Collected data

· · ·

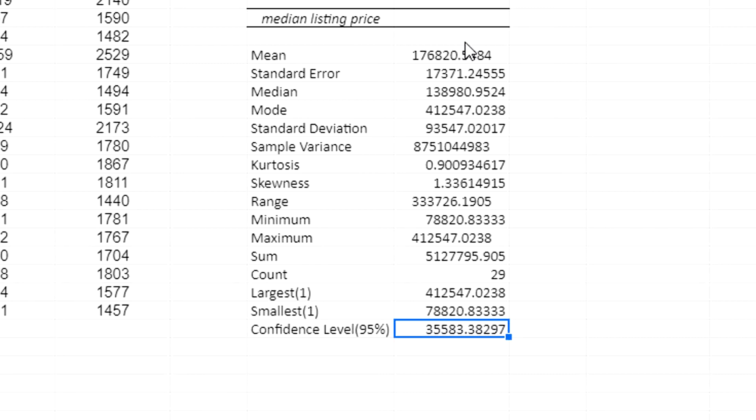And that's how we can calculate a confidence interval for the mean in Google Sheets.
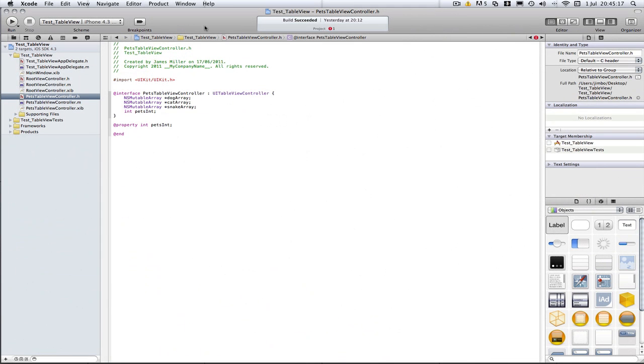Hey YouTube, Milma here with another Xcode tutorial. In this Xcode tutorial I'll be teaching you how to push a new view onto the screen.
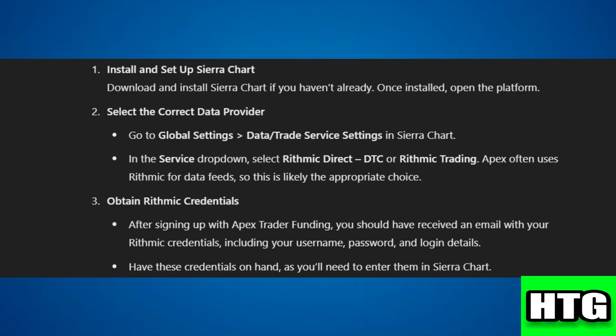Step two: select the correct data provider. Go to Global Settings and then Data Trade Service Settings. In the Service dropdown, select Rithmic Direct DTC or Rithmic Trading. Step three: obtain Rithmic credentials. Retrieve the Rithmic credentials sent by Apex Trader Funding.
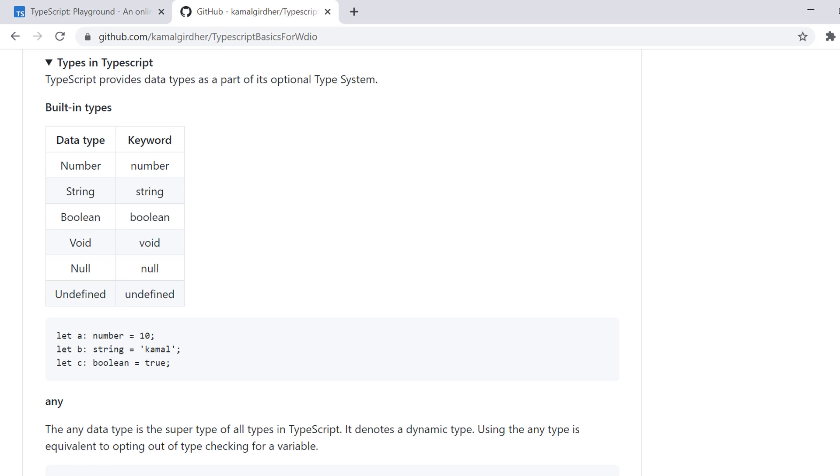Like other programming languages, we also have some types in TypeScript and we have six built-in types. These are number, whose keyword is number in small, and we have string, boolean, void, null and undefined.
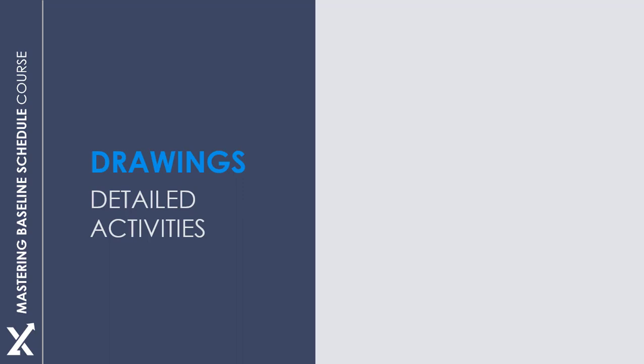The first step before breaking down our activities is to thoroughly review the IFC drawings to gain a clear understanding of our project scope. This is crucial for developing our project schedule.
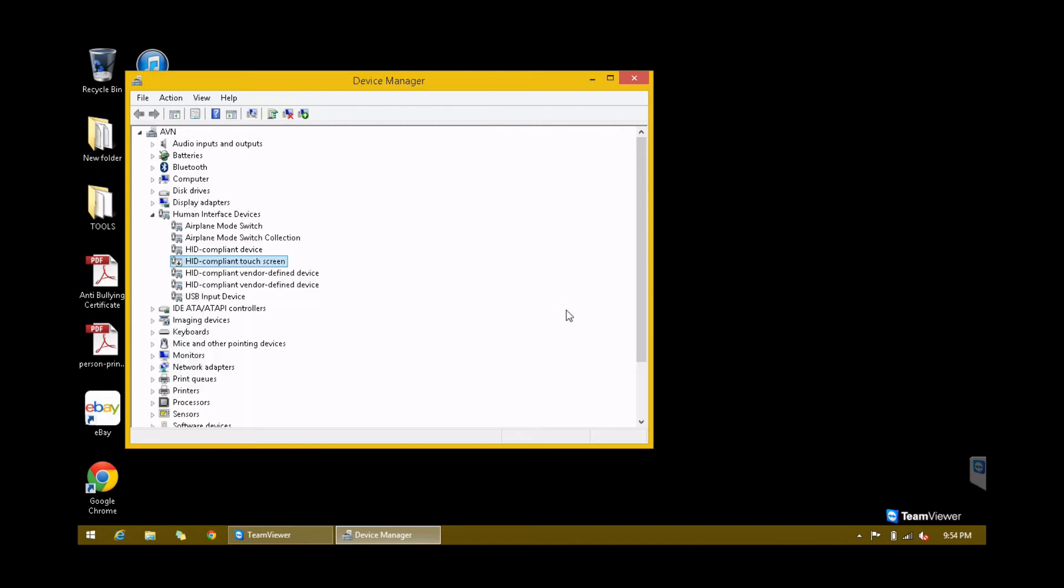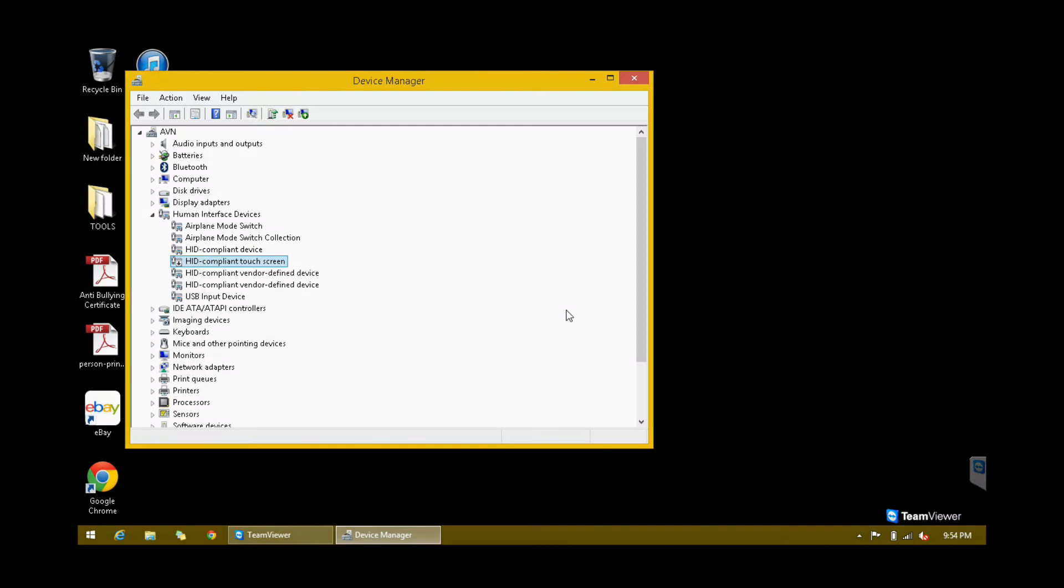This will disable the touchscreen, which means you will only be able to use the mouse and use it as a regular computer without touchscreen. That's about it, until next time.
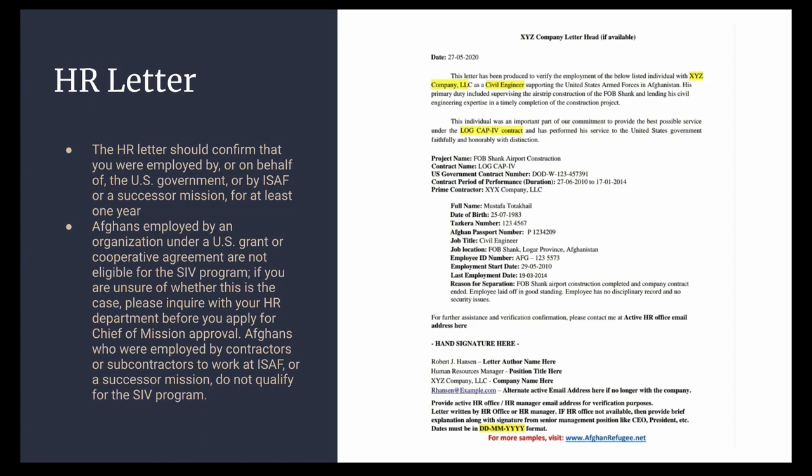Afghans who were employed by contractors or subcontractors to work at ISAF or a successor mission do not qualify for the SIV program.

· · ·

In the copy you write, the data above must appear exactly, with no pictures.

_Result of this exercise:_
And that's how we can calculate a confidence interval for the mean in Google Sheets.
Hey YouTube, Milma here with another Xcode tutorial. In this Xcode tutorial I'll be teaching you how to push a new view onto the screen.
Step two: select the correct data provider. Go to Global Settings and then Data Trade Service Settings. In the Service dropdown, select Rithmic Direct DTC or Rithmic Trading. Step three: obtain Rithmic credentials. Retrieve the Rithmic credentials sent by Apex Trader Funding.
Like other programming languages, we also have some types in TypeScript and we have six built-in types. These are number, whose keyword is number in small, and we have string, boolean, void, null and undefined.
The first step before breaking down our activities is to thoroughly review the IFC drawings to gain a clear understanding of our project scope. This is crucial for developing our project schedule.
This will disable the touchscreen, which means you will only be able to use the mouse and use it as a regular computer without touchscreen. That's about it, until next time.
Afghans who were employed by contractors or subcontractors to work at ISAF or a successor mission do not qualify for the SIV program.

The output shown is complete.